My FIl just brought me a new 27 ton Cadet he got from Home Depot. Split a couple weeks ago for the 1st time. It blew through 18" diameter/ 18" long Locust like nothing. You have a problem somewhere, but I think you already know that.


----------



## BlueRidgeMark (May 28, 2008)

Brian Bush said:


> Also. does anyone know of a base plate that can be bought (larger than the 1 provided) that can be used to more easily move the log (when splitting in the vertical position)??




My wood mostly runs 20-40" or so, and I split in the vertical position. Life got a lot easier when I got this Milwaukee hand truck. 1000 lb capacity, 12x24 toe plate, and 6 1/2" wide tires. Very nice.

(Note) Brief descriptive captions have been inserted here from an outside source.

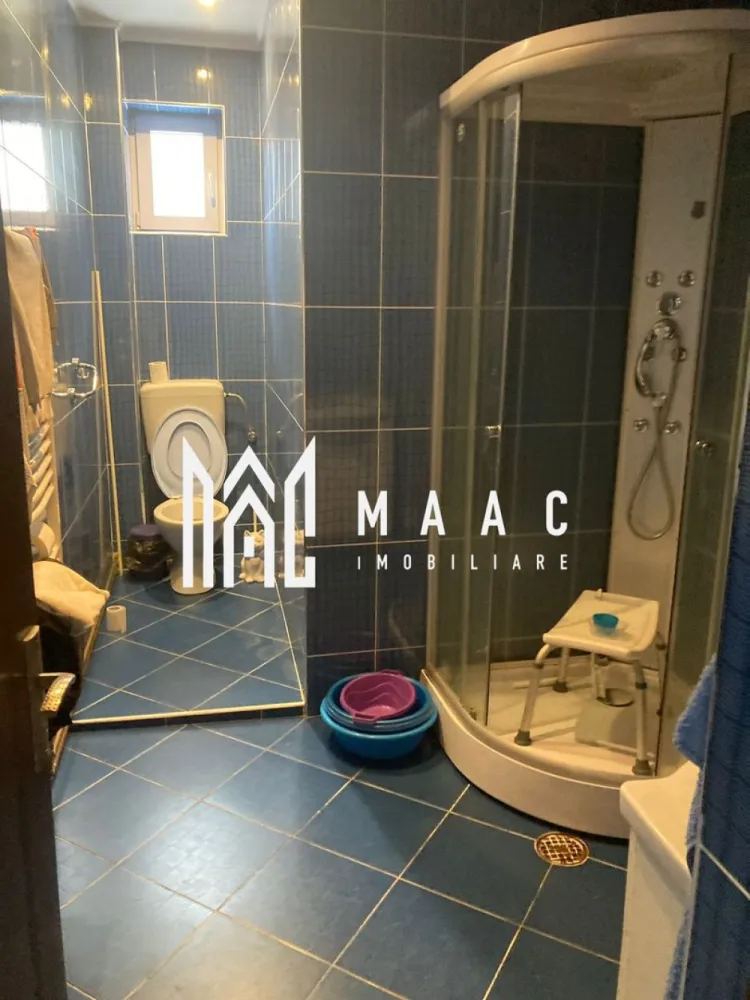 Casă de vânzare pe Calea Poplăcii| 4 camere | Teren 200 mp - MAAC Imobiliare vă propune spre vânzare o casă individuală situată pe Calea Poplăcii, una dintre cele mai apreciate zone din Sibiu, ideală pentru familiile care își doresc confort, intimitate și acces rapid către centrul orașului, Parcul Sub Arini și principalele puncte de interes.

Proprietatea este amplasată pe un teren de 250 mp și este dispusă pe două niveluri, având o amprentă la sol de 65 mp, ceea ce oferă o suprafață utilă totală de aproximativ 130 mp. În plus, casa beneficiază de pivniță și curte proprie, oferind spațiu suplimentar pentru depozitare și relaxare.

Compartimentare

Parter:

Living generos;
Bucătărie;
Baie;
Hol.

Etaj:

3 dormitoare;
Hol.

Subsol:

Pivniță.
Avantajele proprietății
Casă individuală;
Aproximativ 130 mp utili;
Teren de 250 mp;
Curte proprie;
4 camere;
3 dormitoare;
1 baie;
Regim de înălțime P+1;
Pivniță;
Zonă liniștită și bine cotată;
Acces facil către centrul orașului și Parcul Sub Arini.
Localizare

Situată pe Calea Poplăcii, proprietatea beneficiază de o poziționare excelentă, cu acces rapid către școli, grădinițe, supermarketuri, farmacii, mijloace de transport în comun și zone de recreere. Este o alegere ideală pentru cei care își doresc să locuiască într-o zonă consacrată a orașului Sibiu, cu toate facilitățile la îndemână.

Datorită compartimentării eficiente și a curții proprii, această proprietate reprezintă o oportunitate excelentă atât pentru locuință permanentă, cât și pentru investiție.

Pentru informații suplimentare și programarea unei vizionări, contactați consultantul MAAC Imobiliare și menționați codul proprietății. CP3190764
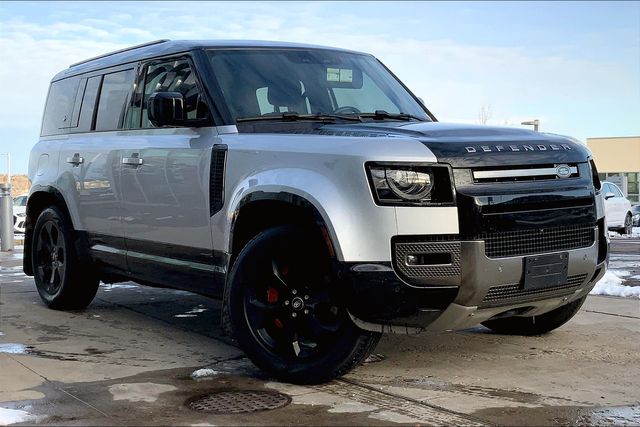 2024 Land Rover Defender 110 photo 2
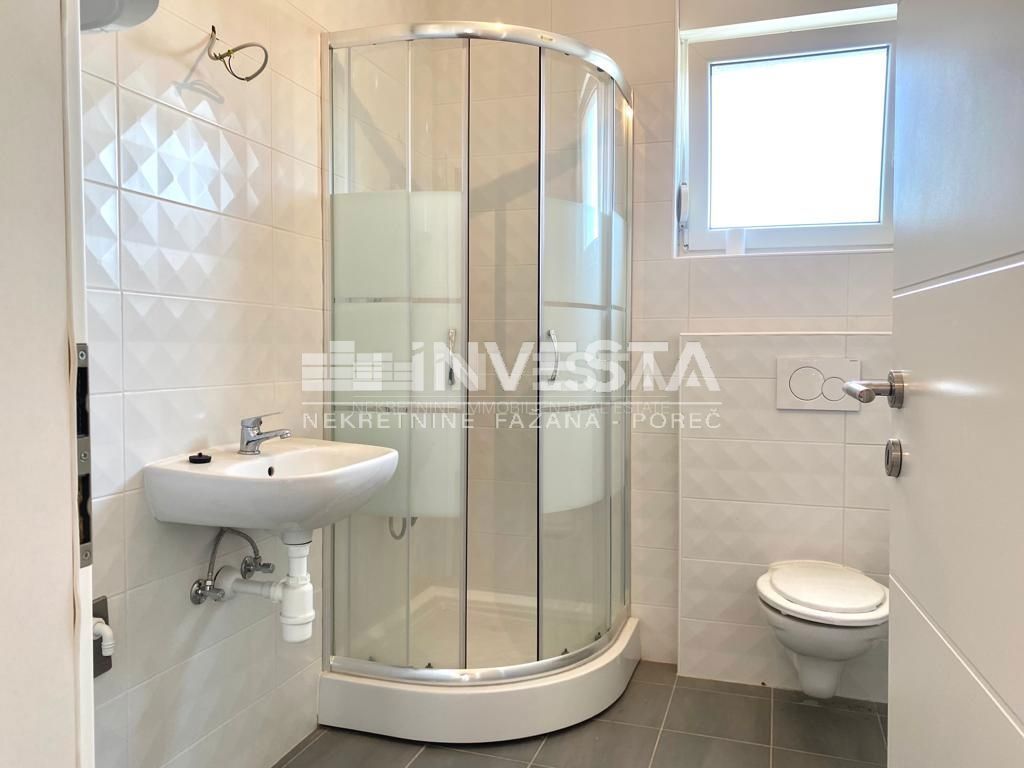 Fažana, Valbandon, stanovanje v drugem nadstropju stavbe, 70 m2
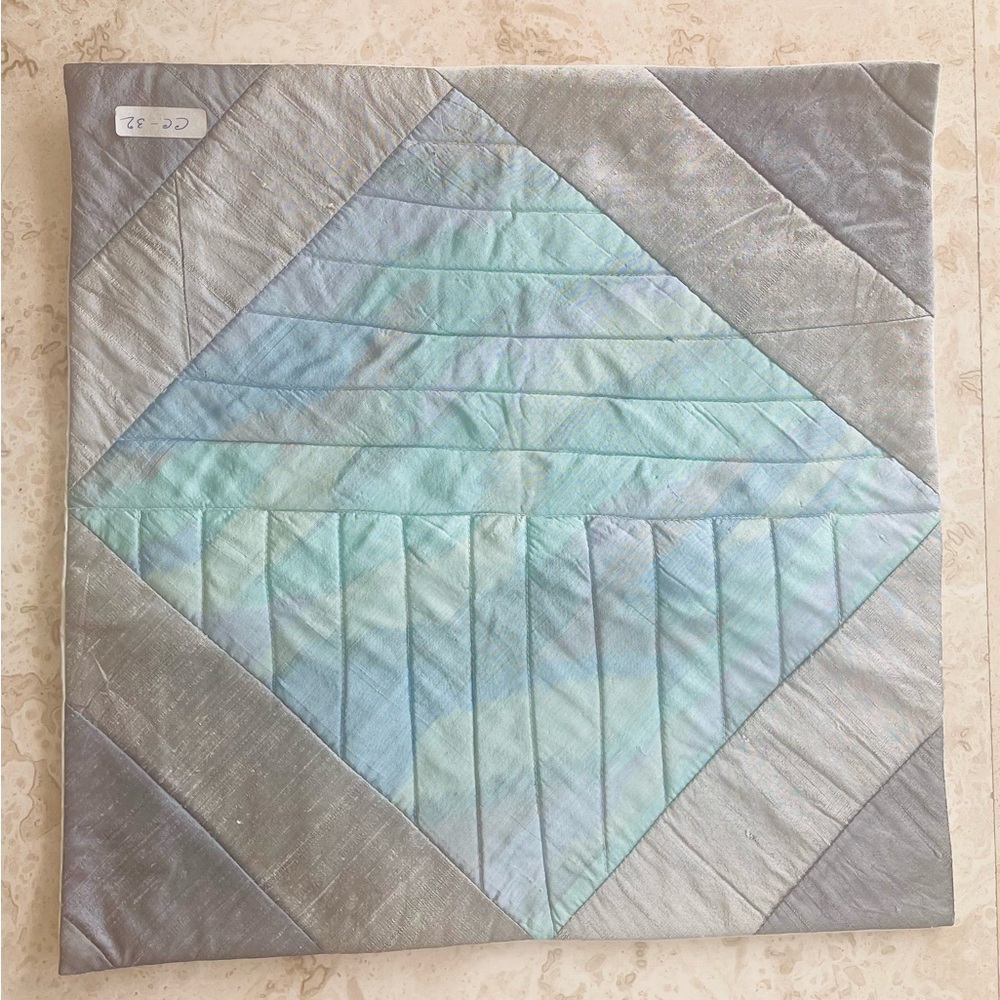 Blue Gray Iridescent Design Silk Euro Sham With Zipper On Back NEW - Picture 3 of 10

I got mine at TSC, where you can also get a good splitter to replace that MTD you got. Saw one of those at my local hardware store, for rent. Had a bent toe plate!


----------



## wkpoor (May 28, 2008)

> My wood mostly runs 20-40" or so, and I split in the vertical position. Life got a lot easier when I got this Milwaukee hand truck. 1000 lb capacity, 12x24 toe plate, and 6 1/2" wide tires. Very nice.


I bought one of those about 4yrs ago from TSC. Milwaukee is not the original mfg and I can't remember who is now. Anyway I bent the axle moving logs onto my trailer. I called the company and told then the axle was too light for the claimed 1000lbs. they said it could carry. They have since upsized the axle. I have bought 2 more since then and no trouble reported yet. BTW they sent me a brand new one no charge on the first one with the bent axle.


----------